​Podczas gdy większość państw członkowskich Unii Europejskiej korzystając z dobrej koniunktury gospodarczej poprawia swoją sytuację budżetową, Rumunia idzie w zupełnie w odwrotnym kierunku. We wtorek UE przyjmie kolejne rekomendacje dla Bukaresztu w sprawie zmniejszenia deficytu.

​Podczas gdy większość państw członkowskich Unii Europejskiej korzystając z dobrej koniunktury gospodarczej poprawia swoją sytuację budżetową, Rumunia idzie w zupełnie w odwrotnym kierunku. We wtorek UE przyjmie kolejne rekomendacje dla Bukaresztu w sprawie zmniejszenia deficytu.
Zdjęcie ilustracyjne /Jeff Blackler/Photoshot /PAP/EPA

Rząd Rumunii zwiększył przed wyborami w grudniu 2016 r. wydatki publiczne, chcąc zyskać przychylność i głosy obywateli. Po rozstrzygnięciu elekcji nowy socjalistyczny gabinet, aby pokazać swoją hojność, rozkręcił wydatki jeszcze mocniej.
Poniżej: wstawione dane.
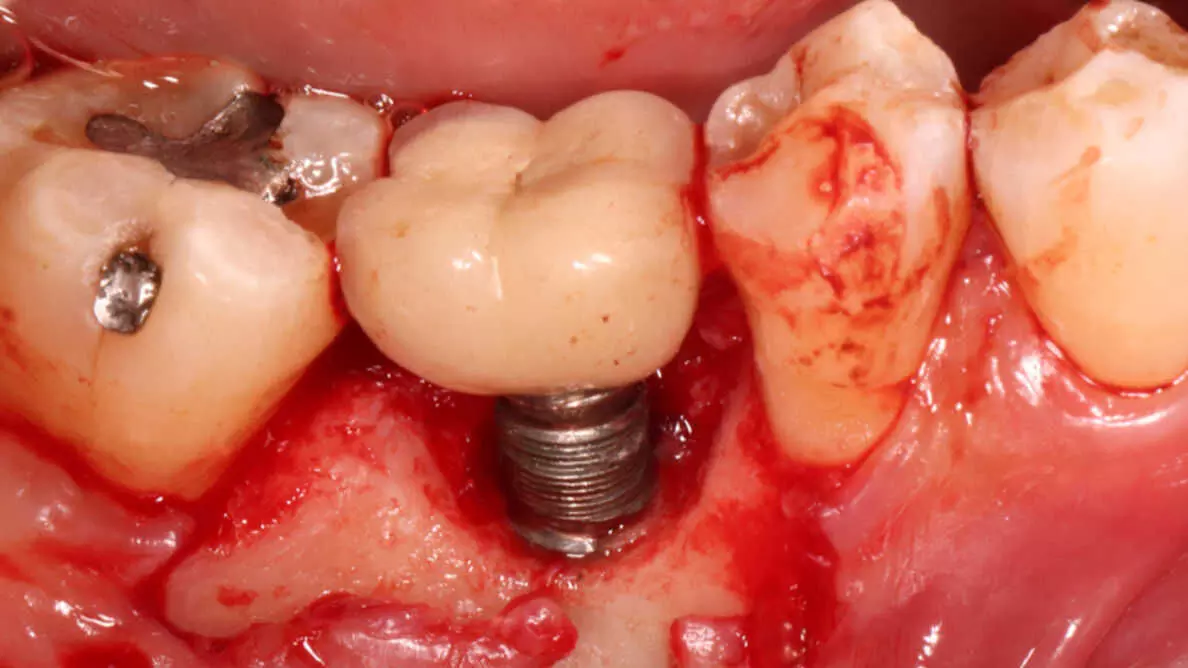 Peri-implantitis leading cause for implant removal finds study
Komisja Europejska wystosowała ostrzeżenie do tego kraju jeszcze w maju i zaproponowała państwom członkowskim przyjęcie zalecenia dotyczącego wprowadzenia odpowiednich działań w tym roku.
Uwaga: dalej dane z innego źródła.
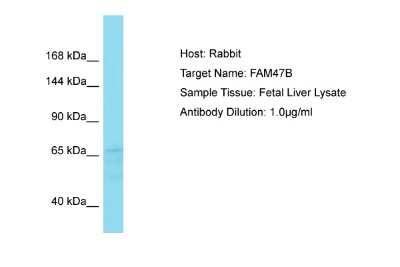 Western Blot: FAM47B Antibody [NBP2-87420]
Rada UE stwierdziła, że w 2016 r. nastąpiło "znaczne odchylenie" od ustalonej dla Rumunii ścieżki budżetowej. Saldo strukturalne kraju pogorszyło się z poziomu minus 1 proc. PKB do minus 2,6 proc. PKB. Wskaźniki strukturalne (deficyt, czy saldo) pozwalają oszacować, jaka byłaby kondycja finansów publicznych, gdyby nie miały na nie wpływu cykle koniunkturalne. Odczyty dla Rumunii pokazują, że kraj ten jest w coraz gorszej sytuacji.
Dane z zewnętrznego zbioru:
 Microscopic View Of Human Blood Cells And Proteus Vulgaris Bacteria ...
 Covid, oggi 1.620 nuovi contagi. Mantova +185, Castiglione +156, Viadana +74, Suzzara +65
Ministrowie finansów UE zdecydowali już w czerwcu, że Rumunia powinna dokonać korekty strukturalnej wynoszącej 0,5 proc., PKB (czyli: albo zmniejszyć wydatki, albo zwiększyć wpływy do budżetu, albo jedno i drugie, tak, by sytuacja się poprawiła). Władze w Bukareszcie zignorowały jednak te zalecenia.

W przedłożonym w październiku do instytucji unijnych raporcie Bukareszt wskazał, że deficyt budżetowy w tym roku sięgnie 3 proc. PKB. Z prognozy gospodarczej Komisji Europejskiej wynika, że będzie jednak gorzej i deficyt wyniesie 3,3 proc. PKB. To konsekwencja tego, że saldo strukturalne zamiast poprawić się o 0,5 proc., w wyniku rozkręconych wydatków, pogorszy się o 1,1 proc.

22 października Komisja Europejska zaproponowała kolejne rekomendacje. Są one jeszcze bardziej wymagające niż te sprzed wakacji. Teraz Bukareszt ma zmniejszyć deficyt strukturalny o co najmniej 0,8 proc. PKB w przyszłym roku. We wtorek ministrowie finansów państw UE mają wezwać Rumunię do działań zapewniających taki efekt.